La police thaïlandaise a lancé mardi une nouvelle opération pour reprendre des sites occupés par les manifestants qui réclament la chute du gouvernement, arrêtant des dizaines de personnes pour la première fois depuis le début de la crise à l'automne.

Une centaine de manifestants ont été interpellés dans le complexe du ministère de l'Énergie pour violation de l'état d'urgence en vigueur à Bangkok depuis le 22 janvier, a précisé le chef du Conseil de sécurité nationale Paradorn Pattanatabut.

«Il n'y a pas eu de résistance (...). Ils ont été dépassés par les forces de police», a-t-il ajouté, alors que des policiers antiémeute étaient également déployés près du siège du gouvernement bloqués par les protestataires.

C'est la première fois depuis le début du mouvement il y a trois mois et demi que les autorités arrêtent autant de manifestants, qui ont occupé ou assiégé de nombreuses administrations et ministères.

Le gouvernement de la Première ministre Yingluck Shinawatra a en effet largement privilégié l'évitement entre police et manifestants pour limiter les violences qui ont déjà fait onze morts.

Mais il a changé de stratégie vendredi lorsque des centaines de policiers antiémeute avaient dégagé le campement autour du siège du gouvernement que Yingluck et ses ministres n'ont pu utiliser depuis près de deux mois.

Immédiatement après cette opération, qui n'avait conduit ni à de réels affrontements ni à des arrestations, les militants étaient revenus reconstruire leurs barricades de pneus et de sacs de sable.

Et lundi, des milliers d'entre eux ont à nouveau assiégé Government House, commençant à construire un mur de ciment devant les grilles.

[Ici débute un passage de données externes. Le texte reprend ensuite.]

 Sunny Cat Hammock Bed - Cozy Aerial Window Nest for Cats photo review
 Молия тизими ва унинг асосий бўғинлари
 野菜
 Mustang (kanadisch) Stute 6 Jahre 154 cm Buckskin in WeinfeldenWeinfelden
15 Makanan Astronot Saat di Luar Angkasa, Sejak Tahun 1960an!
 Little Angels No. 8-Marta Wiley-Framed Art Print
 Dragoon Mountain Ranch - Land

Mardi matin, le chef de l'équipe de négociateurs de la police leur a donné une heure, par haut-parleur, pour abandonner leur position, mais les militants ne semblaient pas vouloir obtempérer.

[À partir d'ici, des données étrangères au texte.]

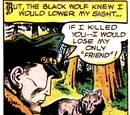 Black Wolf (New Earth)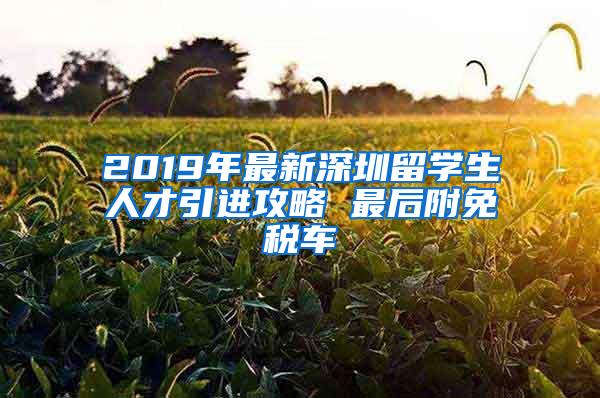 2019年最新深圳留学生人才引进攻略 最后附免税车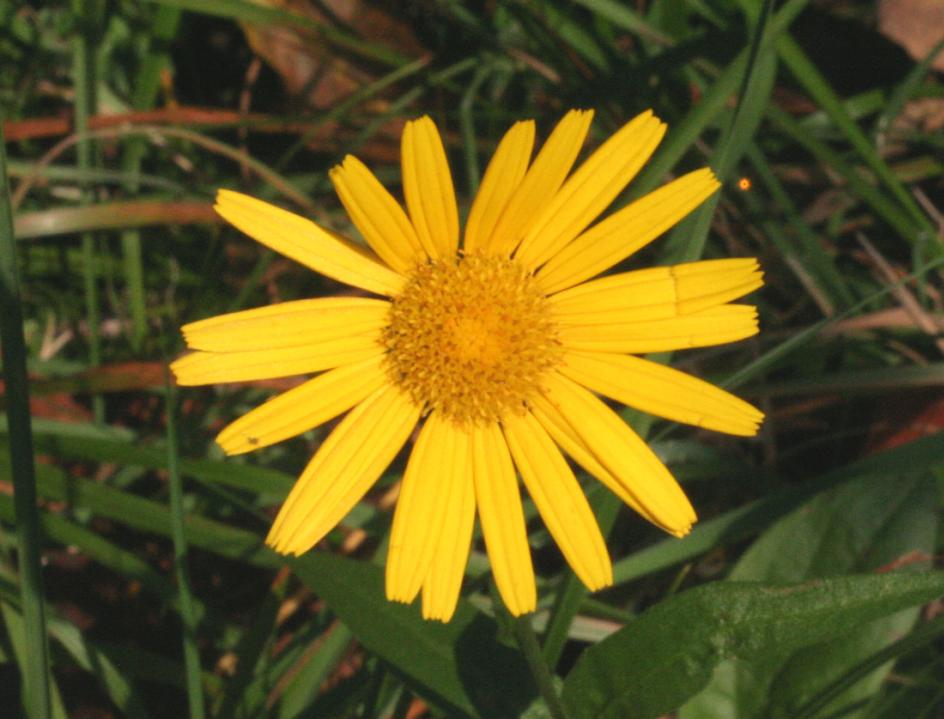 Buphthalmum salicifolium (Willowleaf Ox-eye) (alternate view 7)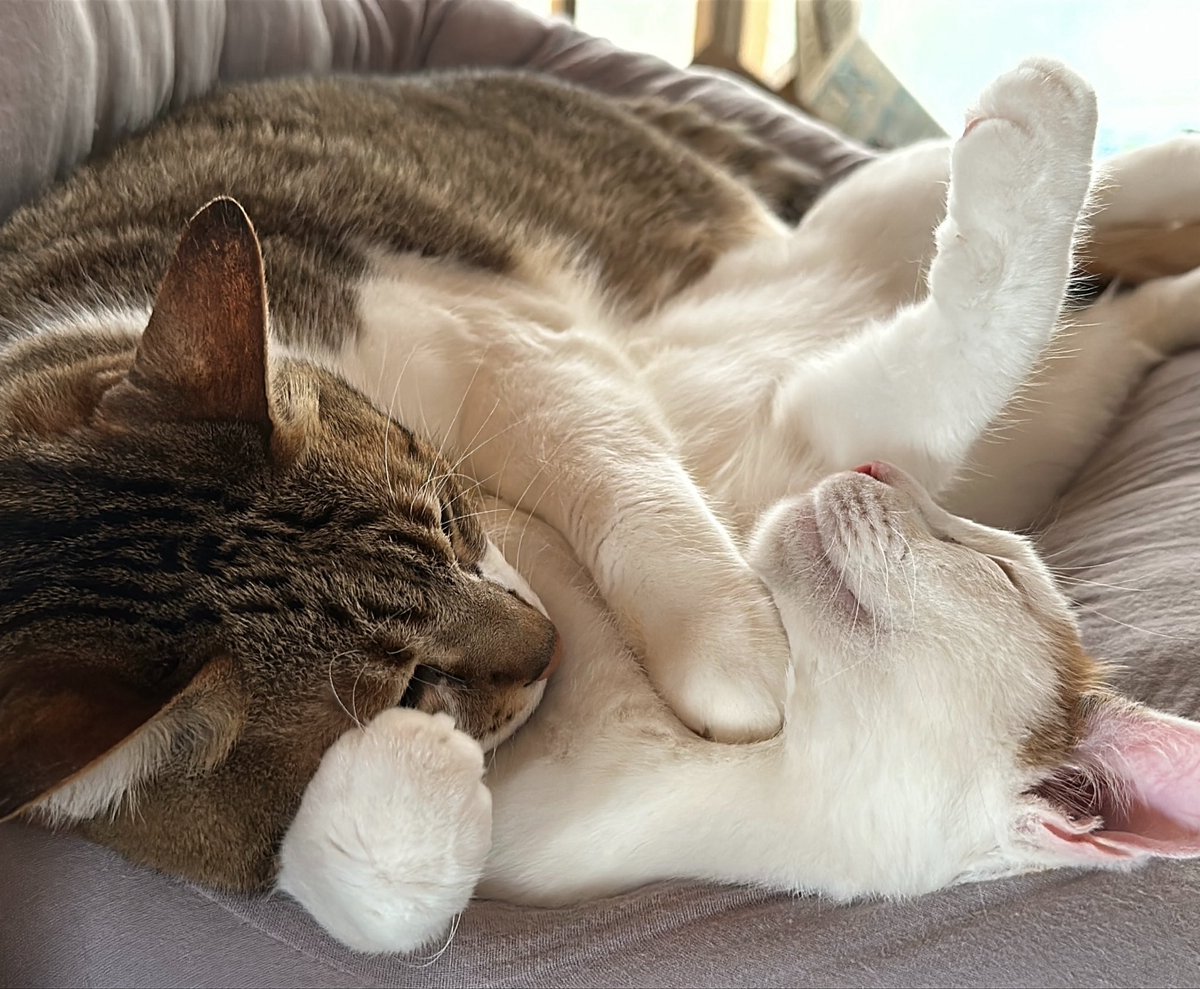 morukiti1718's tweet photo. スヤスヤ💤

«Nous exerçons notre droit de manifester contre le gouvernement», ont-ils répondu par la même voie, séparés de la police par des barbelés.

«Nous sommes ici pour protéger Government House, le gouvernement ne peut plus y travailler», a déclaré de son côté le porte-parole du mouvement Akanat Promphan. «Le gouvernement est piégé, il n'a aucune solution, il doit démissionner».

Des carrefours toujours occupés

L'opération des forces de l'ordre ne semble pas concerner pour l'instant les campements installés à certains carrefours clé de la capitale depuis le lancement mi-janvier de l'opération de «paralysie» de Bangkok.

Les manifestants, dont le nombre s'est nettement réduit ces dernières semaines, réclament, outre la tête de Yingluck, la fin de l'influence de son frère Thaksin, ancien Premier ministre renversé par un coup d'État en 2006 et accusé de tirer les ficelles depuis son exil.

Depuis ce putsch, la Thaïlande est engluée dans des crises politiques à répétition faisant descendre dans la rue tour à tour les ennemis et les partisans de Thaksin, qui reste le personnage à la fois le plus adoré et le plus haï du royaume.

La dernière, en 2010, avait vu jusqu'à 100 000 «chemises rouges» fidèles au milliardaire occuper le centre de Bangkok pendant deux mois pour réclamer la démission du précédent gouvernement, avant un assaut de l'armée autorisée à tirer à balles réelles.

Yingluck semble vouloir à tout prix empêcher une répétition de cet épisode qui avait fait plus de 90 morts et 1900 blessés.

Pour tenter de sortir de la crise actuelle, elle avait convoqué des législatives anticipées du 2 février, mais les élections n'ont pas eu l'effet escompté.

Les manifestants, qui veulent remplacer le gouvernement par un «conseil du peuple» non élu, ont en effet fortement perturbé le scrutin et aucun résultat n'a été annoncé en attendant deux nouvelles journées de vote fin avril.

Sans réunion d'un nouveau parlement, le gouvernement est condamné à expédier les affaires courantes. Et avec des pouvoirs limités, il est, selon les analystes, plus vulnérable à un nouveau «coup d'État judiciaire», dans un pays où la justice a déjà chassé deux gouvernements pro-Thaksin, en 2008.

Yingluck fait d'autre part face à des manifestations de riziculteurs qui n'ont pas été payés depuis plusieurs mois pour les récoltes vendues au gouvernement dans le cadre d'un programme de subventions controversé.